PHI Lab commits to joint research project at Harvard Center for Brain Science
Sunnyvale, Calif. – January 24, 2022 – NTT Research, Inc., a division of NTT (TYO:9432), today announced that it has entered a joint research agreement with scientists at Harvard University to study animal neuro-responses with the hope of informing future artificial intelligence systems. The five-year research project, launched in the fall of 2021, enables researchers at the two organizations to collaboratively study how animals maintain behavioral flexibility, specifically in the task of navigation. Greater understanding of how this challenge is approached in biology may eventually enable the design of new computing machines with similar capabilities. The principal investigator is Venkatesh Murthy, PhD, the Raymond Leo Erikson Life Sciences Professor of Molecular and Cellular Biology at Harvard and the Paul J. Finnegan Family Director of its Center for Brain Science. Murthy’s counterpart at NTT Research for the joint project is Physics & Informatics (PHI) Lab Research Scientist Gautam Reddy, PhD, who was previously an Independent Post-Doctoral Fellow at Harvard’s NSF-Simons Center for Mathematical and Statistical Analysis of Biology.
This joint research aims to better elucidate how animals maintain the ability to respond appropriately to a wide variety of complex real-world scenarios. The investigators expect the results from one aspect of the research to be a source of new, biologically inspired ideas for artificial reinforcement learning systems that rely on representation learning. Such ideas have played a major role in recent advances in artificial intelligence. Results from another aspect of the research should provide a quantitative understanding of how animals track trails, as well as identify the basic elements of general behavioral strategies that perform flexibly and reliably in the real world. Professor Murthy’s lab has a long track record in experimental and computational neurobiology. Expertise relevant to the joint research includes the ability to record from or image many individual neurons in the brain while an animal performs behavioral tasks. This technical expertise will enable the research team to understand what computations are performed by biological neural networks when an animal is navigating in a complex world.

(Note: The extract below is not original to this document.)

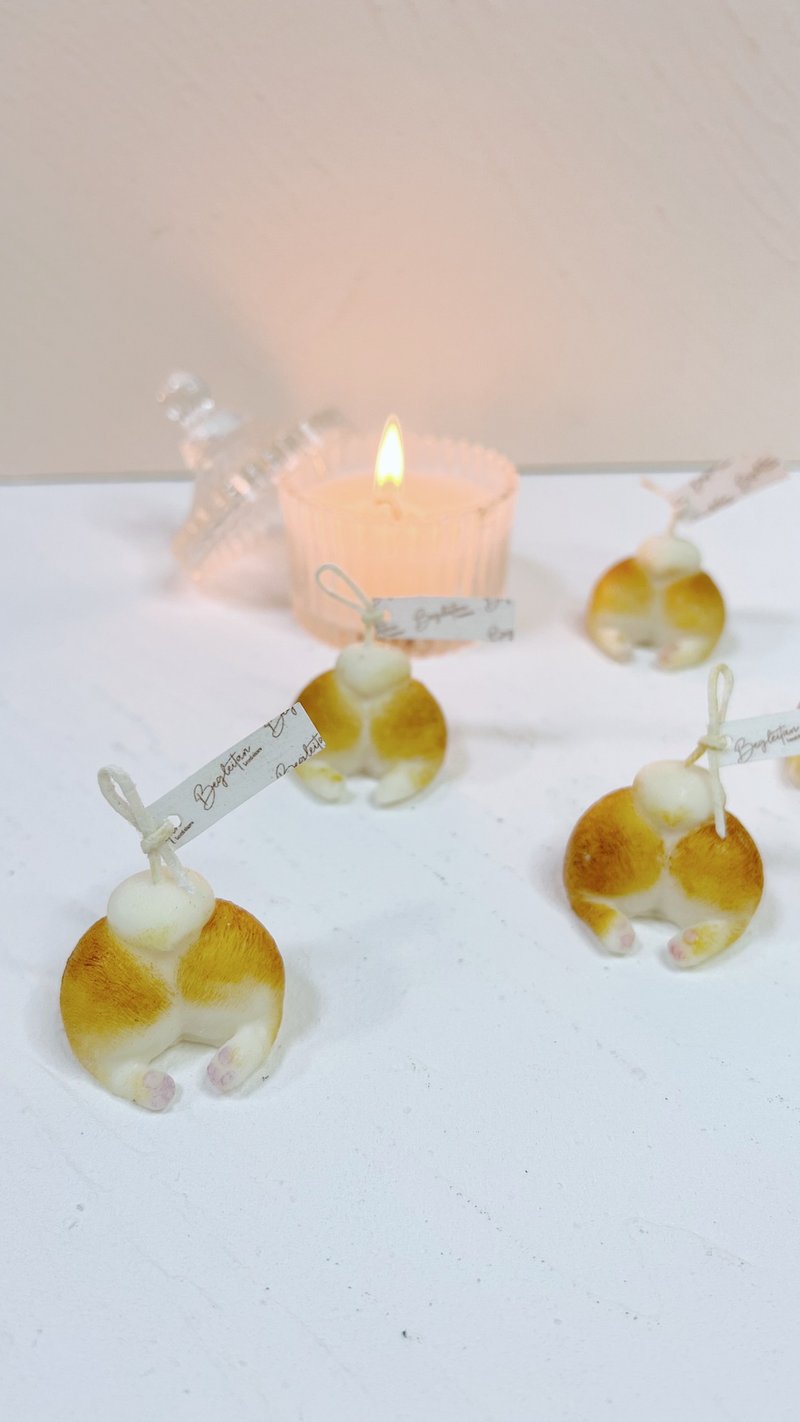 コーギー臀部の香りのキャンドル - キャンドル・燭台 - 蝋 ブラウン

“Efficient computation is at the heart of quantum computing and neuroscience. Inspired by neuroscience, recent advances in machine learning have recently begun to change how we process data,” said PHI Lab Director Yoshihisa Yamamoto, PhD. “This joint research project could provide a rich source of animal-inspired algorithms that generalize across various research domains within NTT and inspire truly novel interdisciplinary ideas.”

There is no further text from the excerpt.